Supplied material
↓↓↓

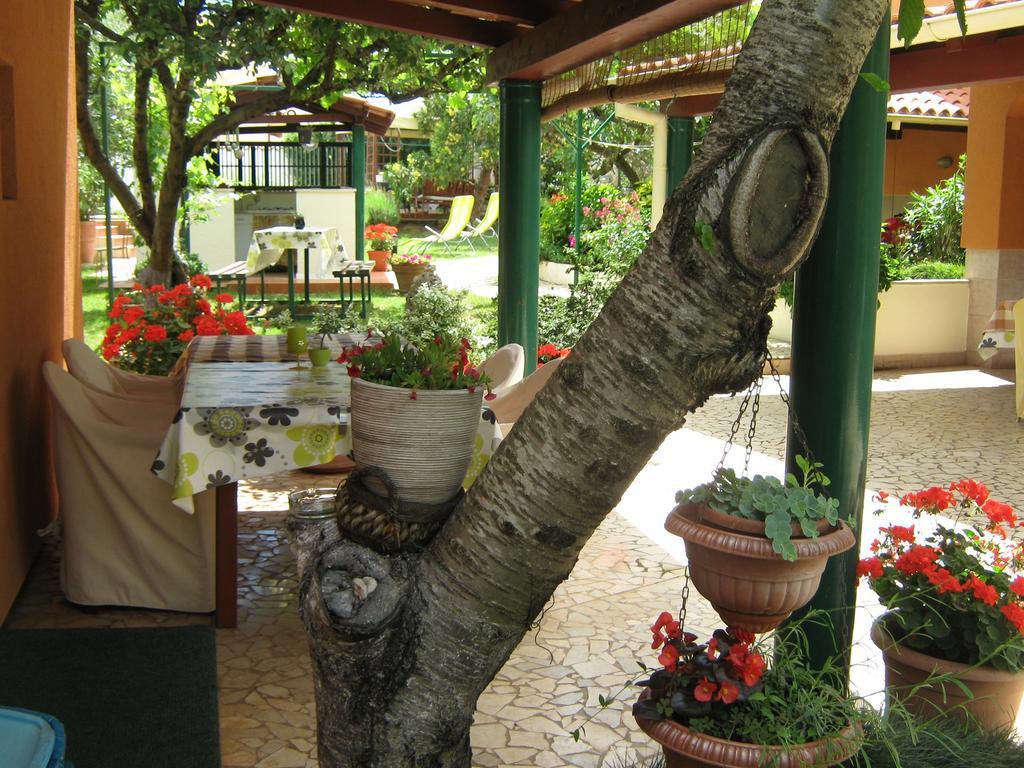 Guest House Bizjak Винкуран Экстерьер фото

↑↑↑
↓↓↓

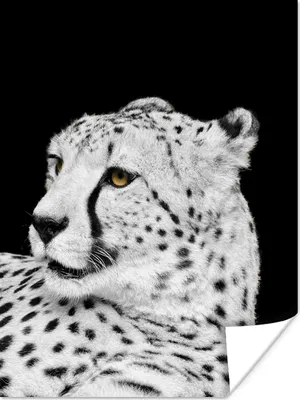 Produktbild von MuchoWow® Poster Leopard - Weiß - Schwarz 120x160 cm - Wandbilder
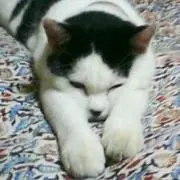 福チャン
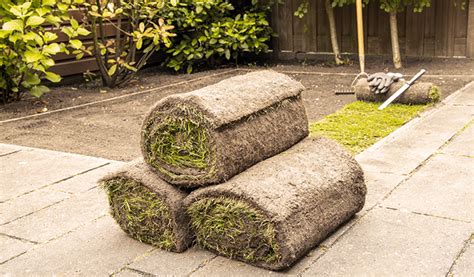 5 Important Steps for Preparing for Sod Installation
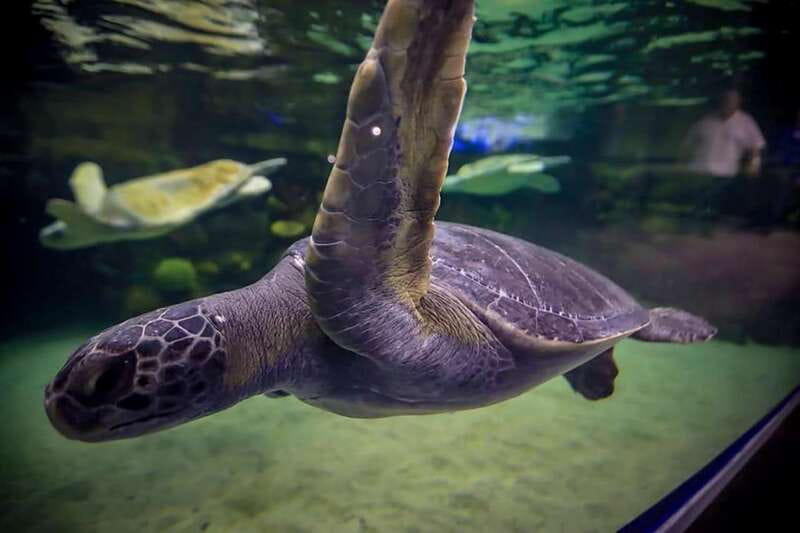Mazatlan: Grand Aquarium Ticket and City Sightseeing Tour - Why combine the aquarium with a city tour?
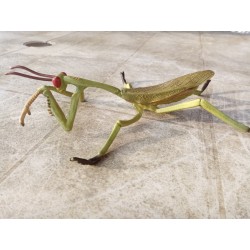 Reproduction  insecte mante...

↑↑↑

Exercise details
Excerpt from the records above: set down only the lines from the one that contains "Produktbild von MuchoWow®" through the one that contains "Mazatlan: Grand Aquarium", inclusive, word for word. Pictures stay out.

Exercise result
 Produktbild von MuchoWow® Poster Leopard - Weiß - Schwarz 120x160 cm - Wandbilder
 福チャン
 5 Important Steps for Preparing for Sod Installation
Mazatlan: Grand Aquarium Ticket and City Sightseeing Tour - Why combine the aquarium with a city tour?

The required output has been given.